Donald Trump, Wladimir Putin – was ist mit Joe Biden? Ein Video zeigt ihn, wie er während des St. Petersburger Wirtschaftsgipfels irgendwo in Amerika vom Fahrrad fällt beim Versuch, abzusteigen. Zum Glück hatte er ein Helmchen auf. Aber symbolträchtig ist das schon. Putin sagte in St. Petersburg nämlich, daß sich die westlichen Eliten nicht mehr lange würden im Sattel halten können, bis sie von der Wirklichkeit zu Boden gestreckt werden. Das Beunruhigende daran ist, daß man bei Putin – anders als bei Joe Biden – nachvollziehen kann, wie er zu seinen Aussagen kommt.
Kolonialreich Amerika
Wladimir Putin skizzierte die westliche Welt im wesentlichen als ein Kolonialreich, in dem ein Land, die USA, das Sagen hat, und alle anderen ein Vasallenleben mit amerikanischen Prokönigen an der Spitze ihrer jeweiligen Nationen zu führen hätten.

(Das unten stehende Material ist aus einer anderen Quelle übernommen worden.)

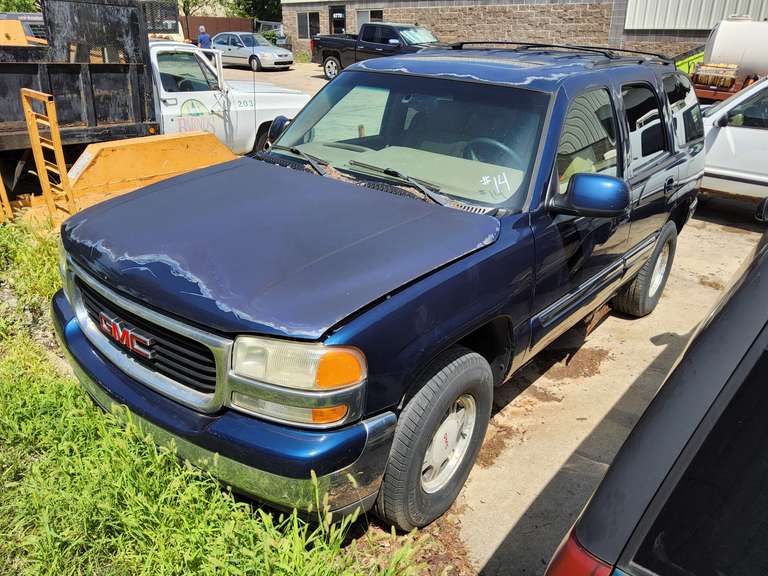 2000 GMC Yukon 4x4, 5.3 V8, auto trans, miles unknown, full pwr, AC, Transfer case is in the back seat, Does Not Run, Vin#: 1GKEK13T9YJ159119 -- Truck #133 (HAS TITLE)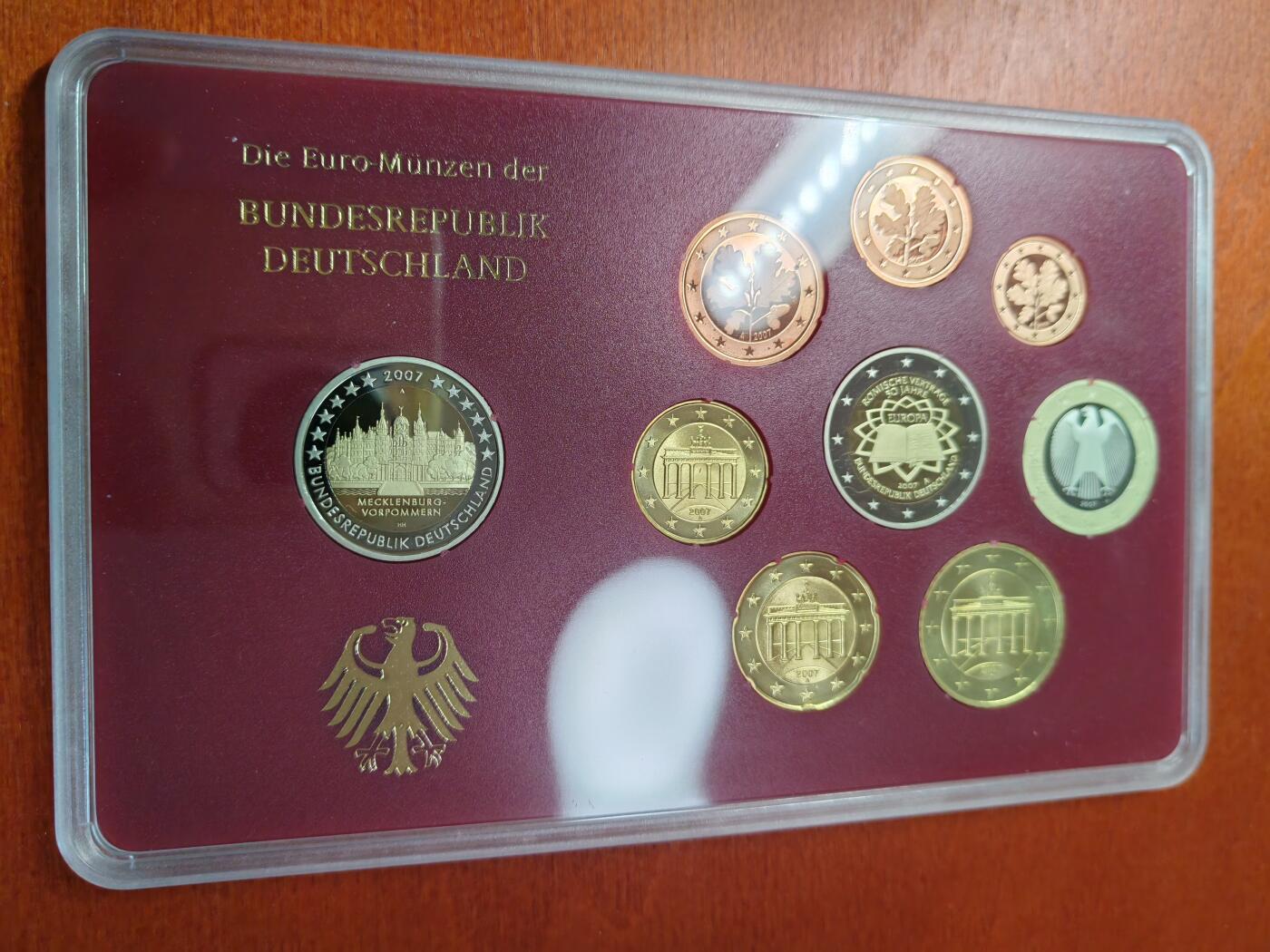 长老汇蛇年精选第一场拍卖 2007A德国9枚精制套币，面值5.88欧元，原厂外纸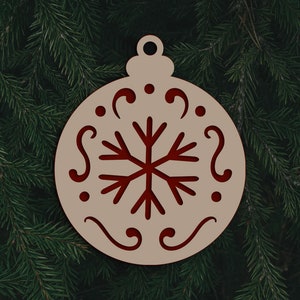 Lasergesneden SVG-kerstbal, gelaagde kerstornament met sneeuwvlok en ornamenten, uitgesneden ornamenten SVG, kerstboomversiering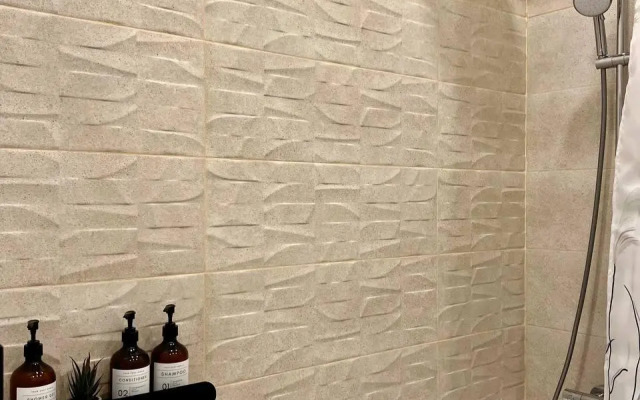 Happy People на набережной Новоданиловская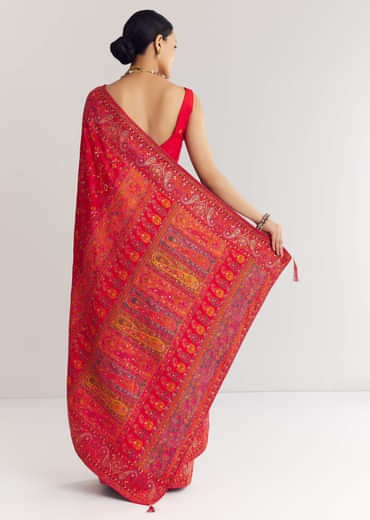 Red Dola Silk Saree With Traditional Floral Amd Jaal Work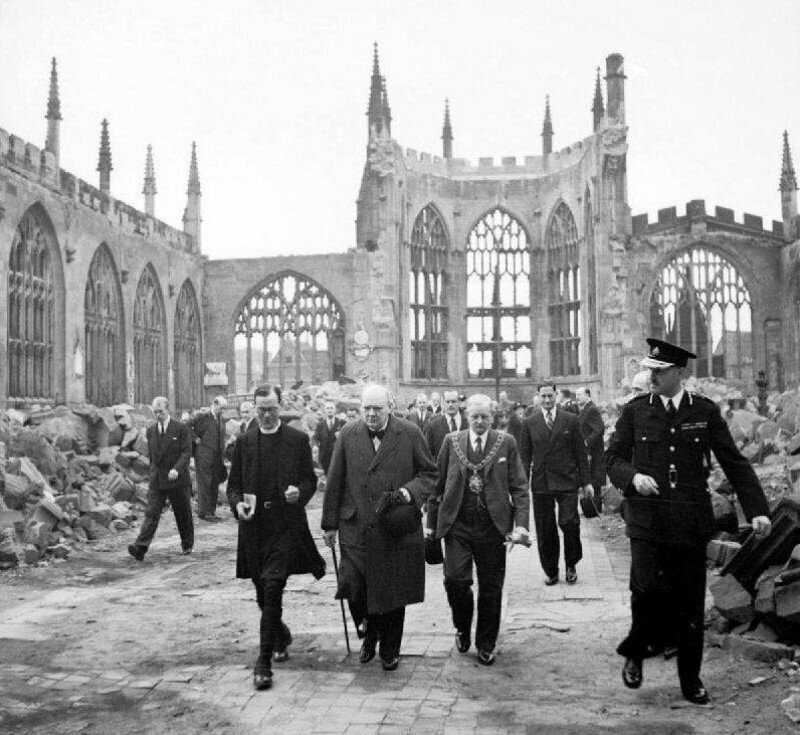 Уинстон Черчилль с проректором Ричардом Говардом и мэром Альфредом Робертом Гриндли в руинах собора Ковентри, сентябрь 1941 года.
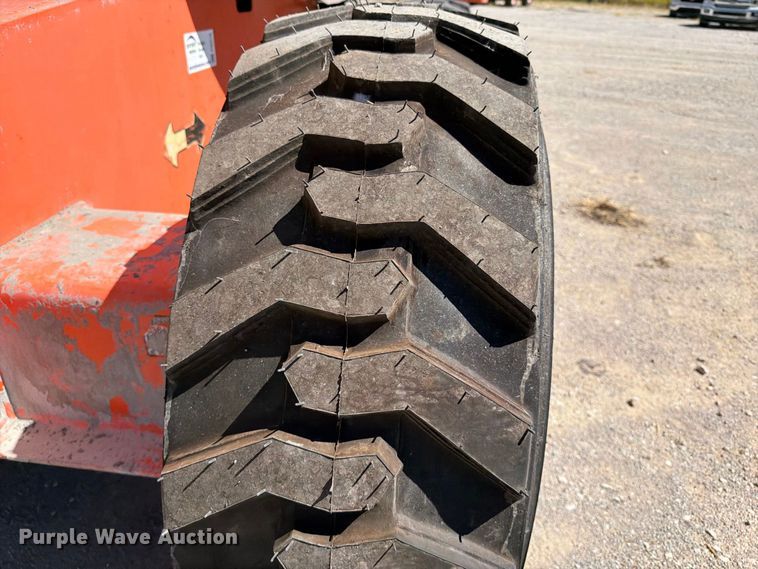 image for item FI0418 2008 JLG 600S boom lift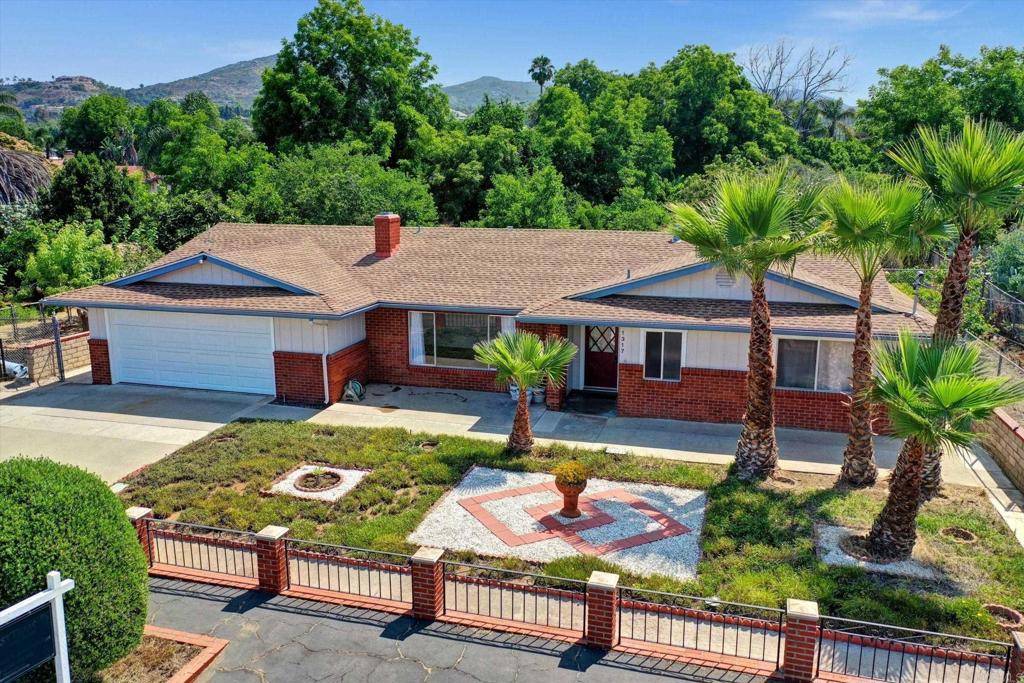 Vista, CA 92084,1317 Independence WAY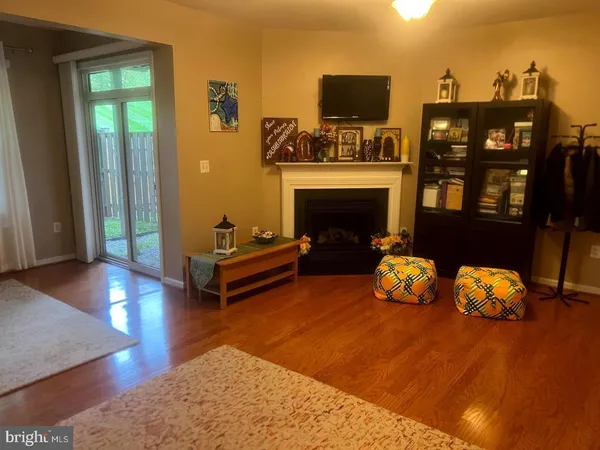 $2,950 | 14263 Legend Glen Court, Gainesville, VA 20155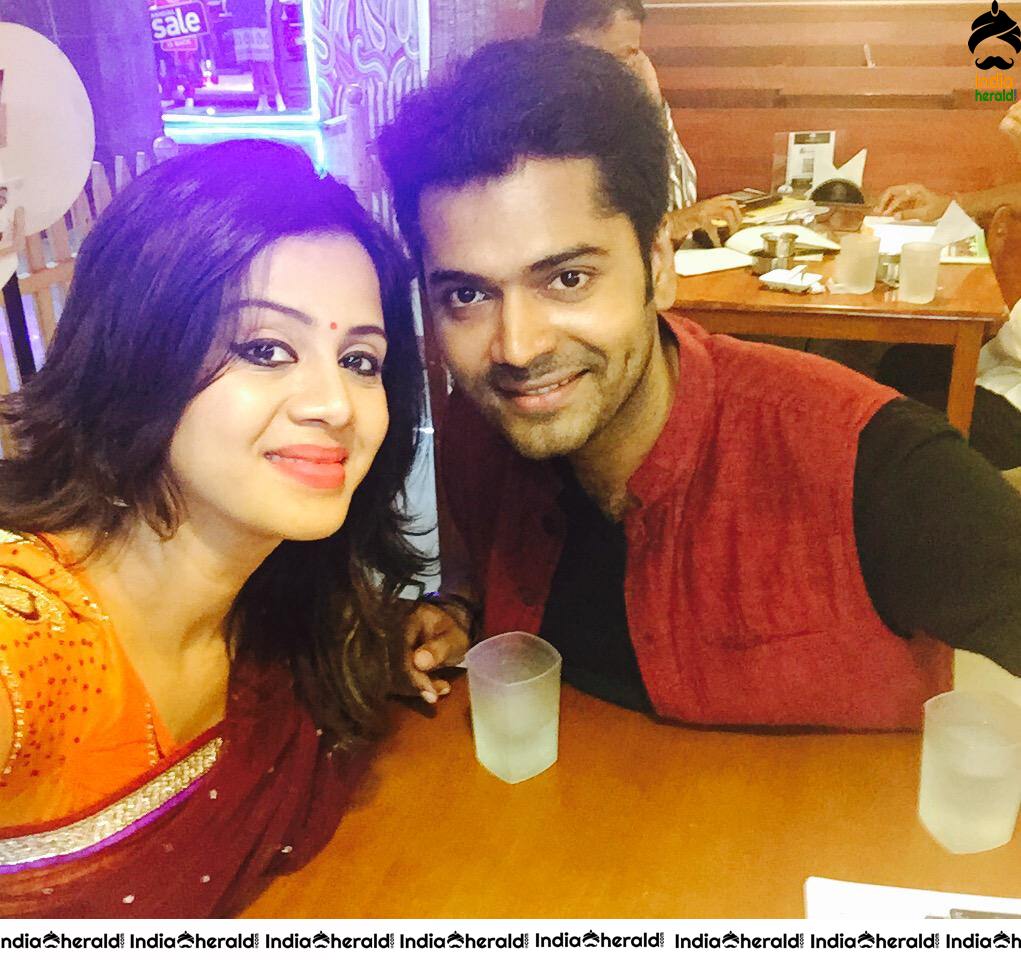 Rare and Unseen Photos of Anchor Anjana Rangan Set 1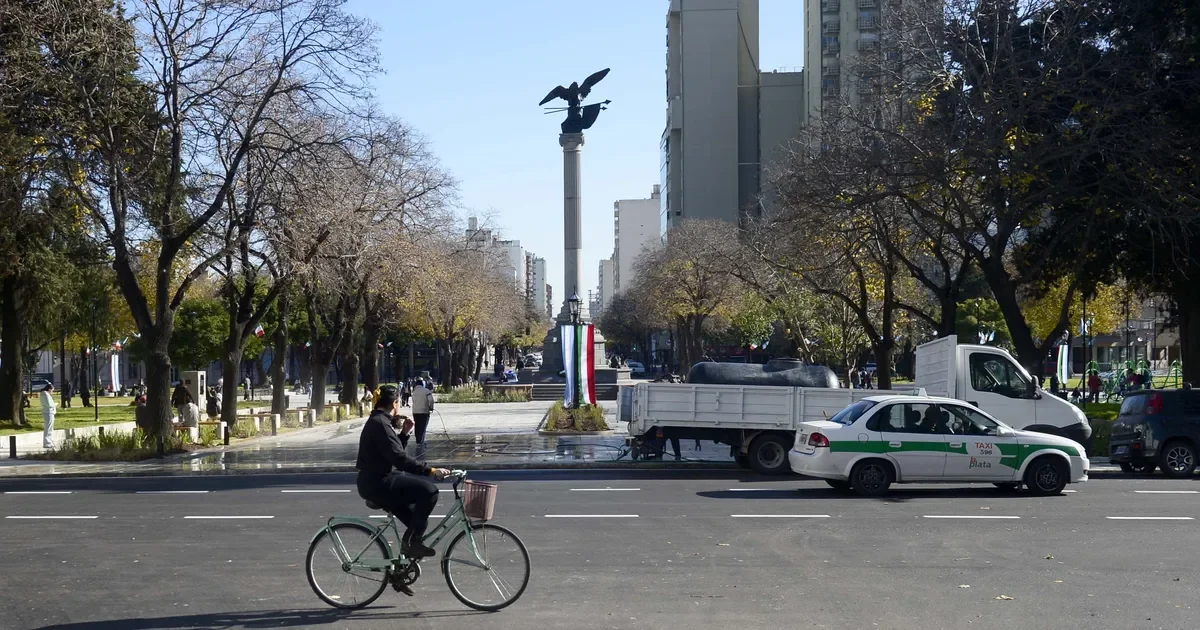 Roban $500.000 y un celular de un comercio cerca de Plaza Italia en plena madrugada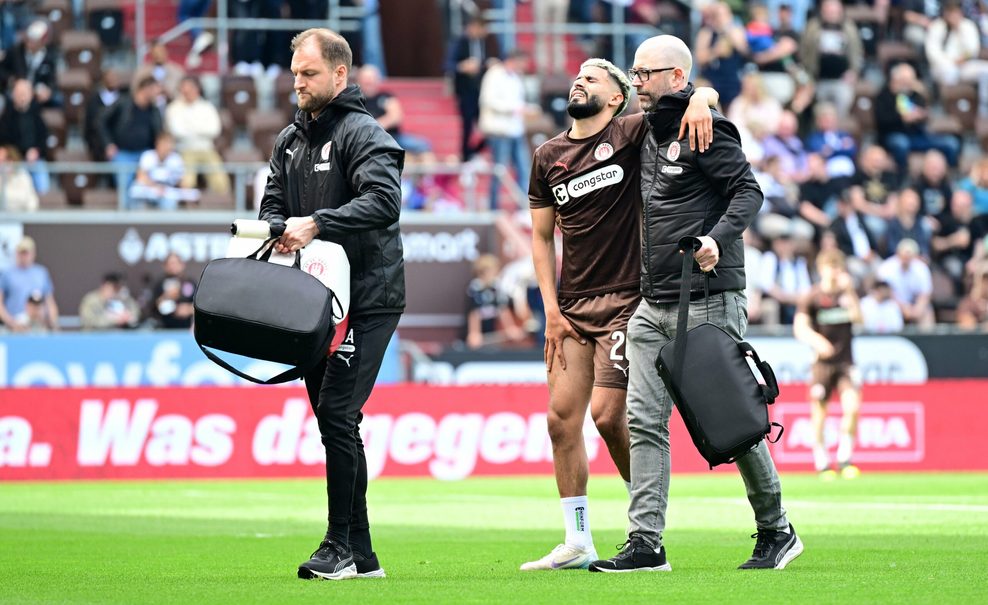 Elias Saad wird gestützt.
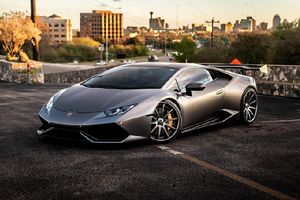 Sắp có siêu xe Lamborghini Huracan đầu tiên dùng hộp số sàn 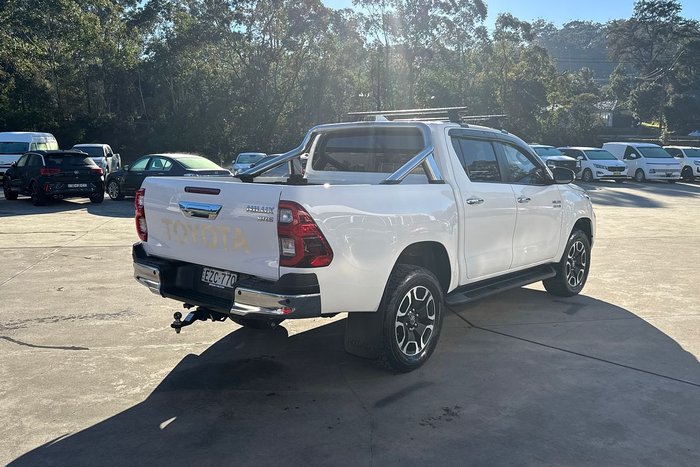 2023 Toyota Hilux SR5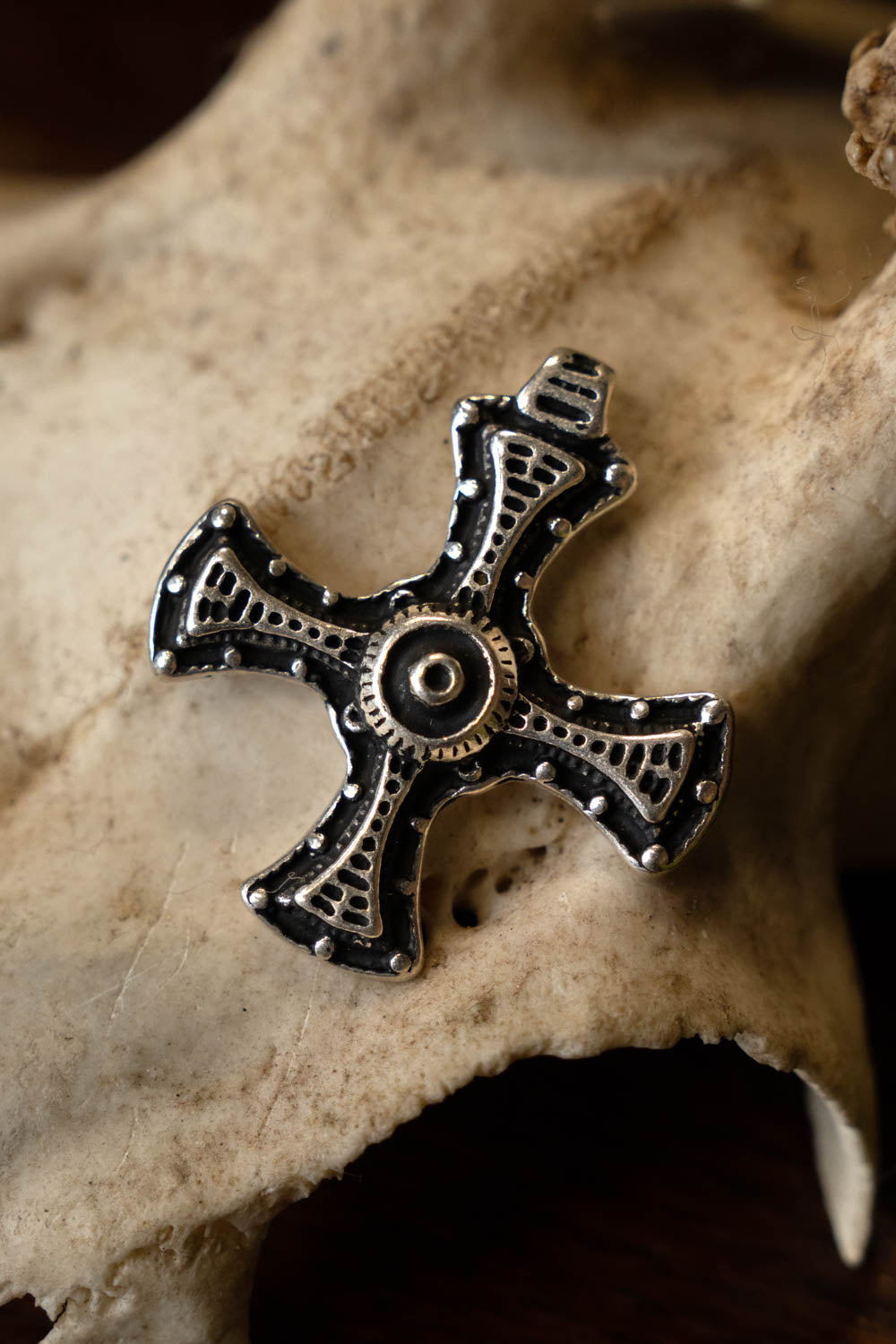 Cuthbert-kors, forsølvet bronze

Die bravsten US-Vasallen seien die Europäer in der EU, so brav, daß sie Wirtschaftspolitik sogar gegen die Interessen ihrer eigenen Nationen betrieben. Zwar träfen die Sanktionen Russland hart, härter aber träfen sie diejenigen, die sie verhängt haben. Die Zeit einer unipolaren Weltordnung sei vorbei, so Putin, und jeder Versuch, sie zu verlängern, sei zum Scheitern verurteilt. Der russische Markt bleibe offen für jeden, der mit Russland wirtschaftlich kooperieren will. Es werde aber Schluß sein mit der westlichen Unsitte, per Inflation ärmere Länder auszusaugen, indem die Amerikaner den Dollar als weltweite Leitwährung inflationieren, um für reale Güter mit immer wertloseren Papierschnipseln zu bezahlen.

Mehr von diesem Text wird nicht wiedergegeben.